Se rappeler permet souvent d’imaginer ce qui risque bien de se produire. Et donc, d’anticiper. De gagner du temps. De se préparer. Soit à vivre avec ce qui adviendra. Soit à développer les stratégies alternatives.

A observer ce qui se joue pour l’instant, en direct, retransmis partout, comme les matches de l’Euro, il est évident que ce sont des révolutions auxquelles nous assistons. Non plus seulement celles qui éclatent ci et là, presque en vase clos, à l’intérieur de frontières délimitant un Etat ou une région. Non. Des révolutions bouleversant tous les continents. Dans tous leurs secteurs. Avec des répercussions, donc, pour tous leurs habitants.

L’impact de Daech en est l’illustration la plus spectaculaire. L’Europe, l’Amérique, l’Asie et l’Afrique en ont déjà fait les frais. Affirmer que cette ère de terreur était prévisible relèverait de la mauvaise foi. Mais il est évident que ses germes étaient discernables depuis belle lurette.
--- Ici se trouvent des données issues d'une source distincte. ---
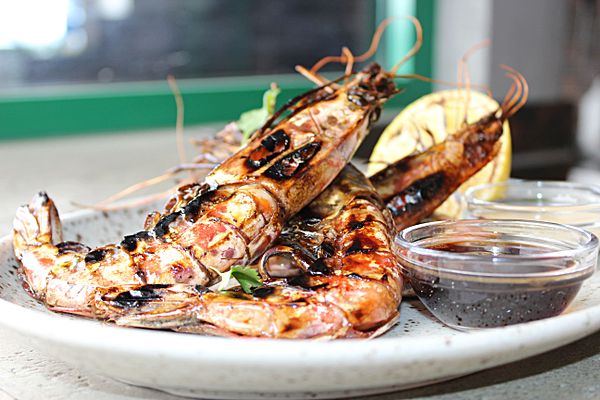 Лангустины гриль с пикантным соусом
D’abord en des lieux éloignés, quelque part au Proche-Orient, en Afghanistan, en Irak, en Algérie… Ensuite beaucoup plus proche de nous, au coeur de quartiers délimités. Dans les deux cas, on a peu cherché à éviter que le pire s’y propage. Puis en déborde, jusqu’à venir nous inonder.

Une autre révolution gagne ce qu’on appelle parfois trop légèrement « la scène politique » de nos pays. Trop légèrement, parce que, on l’a vu avec l’avènement de tous les mouvements terroristes, islamistes ou non, c’est toujours la gouvernance d’un ou de plusieurs pays qui les a engendrés. Concrètement : c’est la manière dont on administre, dont on aborde une réalité – la laisser pourrir ?, y trouver un remède ?, modifier le système ? – qui nourrit les mouvements de résistance, de contestation, de déstabilisation. Autre chose, par conséquent, qu’un simple spectacle, chiqué ou pas.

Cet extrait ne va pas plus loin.